**Work request:** Your answer should be the exact lines of the data below from the one containing "Persoon draagt ecru" through the one containing "Befestigte Mauern von"; please include nothing else.

**Extracted records:**
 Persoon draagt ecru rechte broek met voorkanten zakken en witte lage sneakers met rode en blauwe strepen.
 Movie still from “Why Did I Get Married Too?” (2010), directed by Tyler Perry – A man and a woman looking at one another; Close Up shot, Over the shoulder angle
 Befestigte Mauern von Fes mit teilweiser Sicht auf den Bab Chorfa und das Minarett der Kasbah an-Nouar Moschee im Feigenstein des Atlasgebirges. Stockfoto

...

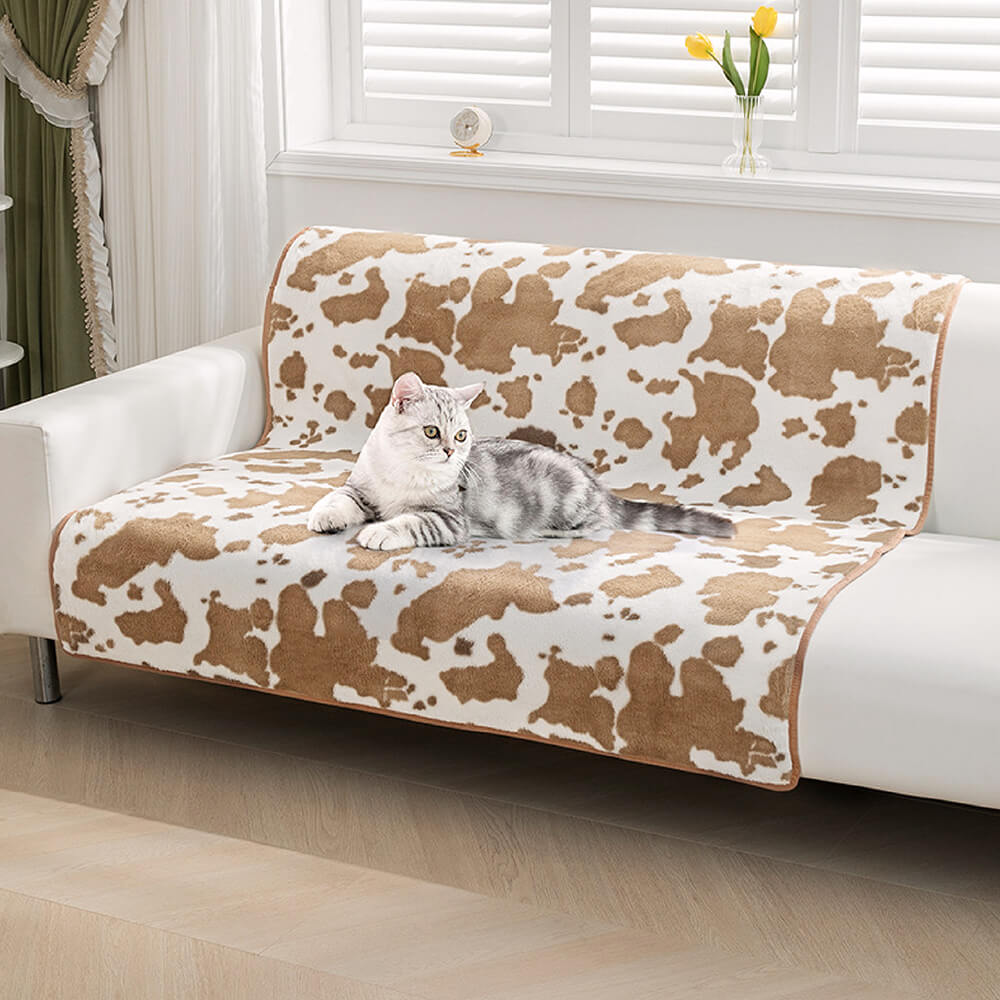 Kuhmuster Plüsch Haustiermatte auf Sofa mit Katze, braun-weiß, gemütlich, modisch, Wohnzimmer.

**Solution:**
 Persoon draagt ecru rechte broek met voorkanten zakken en witte lage sneakers met rode en blauwe strepen.
 Movie still from “Why Did I Get Married Too?” (2010), directed by Tyler Perry – A man and a woman looking at one another; Close Up shot, Over the shoulder angle
 Befestigte Mauern von Fes mit teilweiser Sicht auf den Bab Chorfa und das Minarett der Kasbah an-Nouar Moschee im Feigenstein des Atlasgebirges. Stockfoto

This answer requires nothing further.